Türkiye ekonomisinin istikrara kavuşturulması konusunda çok önemli mesafeler kat edilmiş olmasına rağmen, reform sürecinin henüz tamamlanmadığı ve ekonomide kırılganlığın devam ettiği gerçeğinin göz ardı edilemeyeceğini belirten Sabancı, reformların bir an önce yapılması durumunda eğitim, inovasyon, teknoloji ve sağlık gibi alanlarda devlet ve özel kesimin gerçekleştireceği sürekli ve hızlı yapısal dönüşümlerin mümkün olabileceğini vurguladı.
Ömer Sabancı, ''YÖK Yasası, zina ve yasadışı Kuran kursları gibi konular, ülkenin gerçek gündeminden de sapılmasına yol açıyor'' dedi.

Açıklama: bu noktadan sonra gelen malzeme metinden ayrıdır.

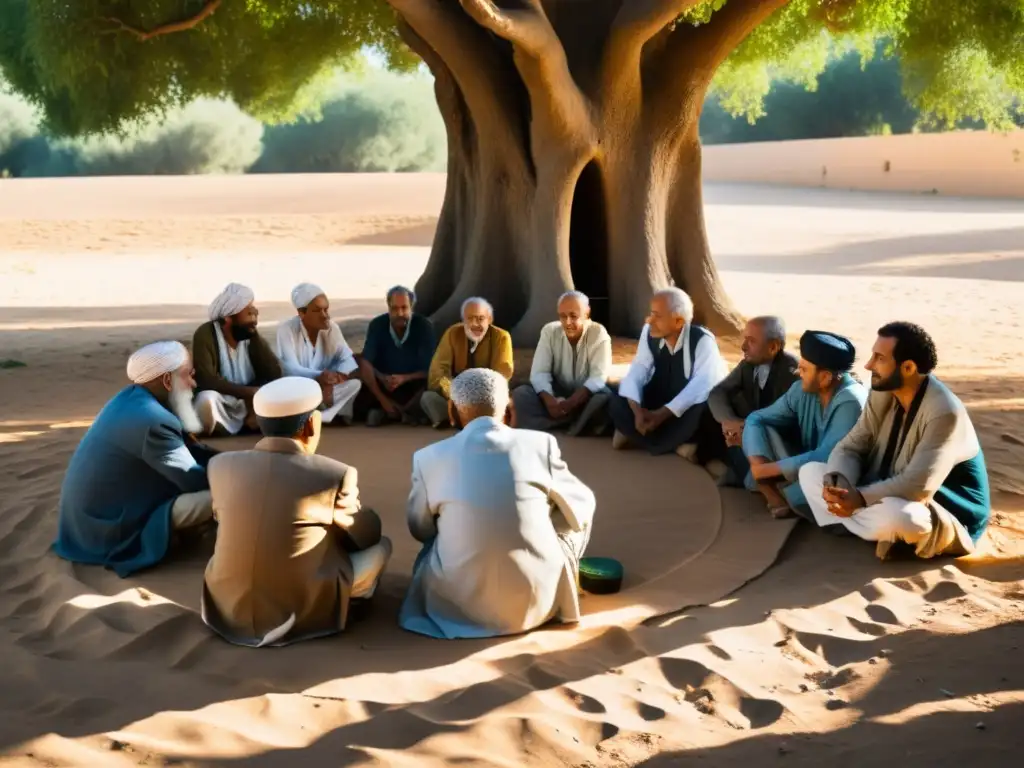 Grupo de sabios filósofos norteafricanos en profunda discusión bajo un árbol, evocando la importancia de la oralidad en la filosofía norteafricana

''AB'NİN ÇALKANTILI GÖRÜNTÜSÜ BİRKAÇ YILDA AŞILIR''
Günümüzde çalkantılı bir yapı görüntüsü verse de, AB'nin birkaç yıl içinde bunu aşacağını düşündüklerini ve dünyadaki rekabet koşullarının başka türlüsüne izin vermeyeceğini dile getiren Sabancı, ''Nasıl bir kurumsal yapı içinde olursa olsun, AB önümüzdeki 5-10 yıllık zaman diliminde sorunlarını aşmış ve küresel rekabet gücünü artırmakta olduğu bir ortama girerse, Türkiye de daha pekişmiş bir laik demokrasi, daha iyi bir ekonomi ve daha kalkınmış bir toplum olarak AB ile tarihsel buluşmaya yetişebilecektir'' diye konuştu.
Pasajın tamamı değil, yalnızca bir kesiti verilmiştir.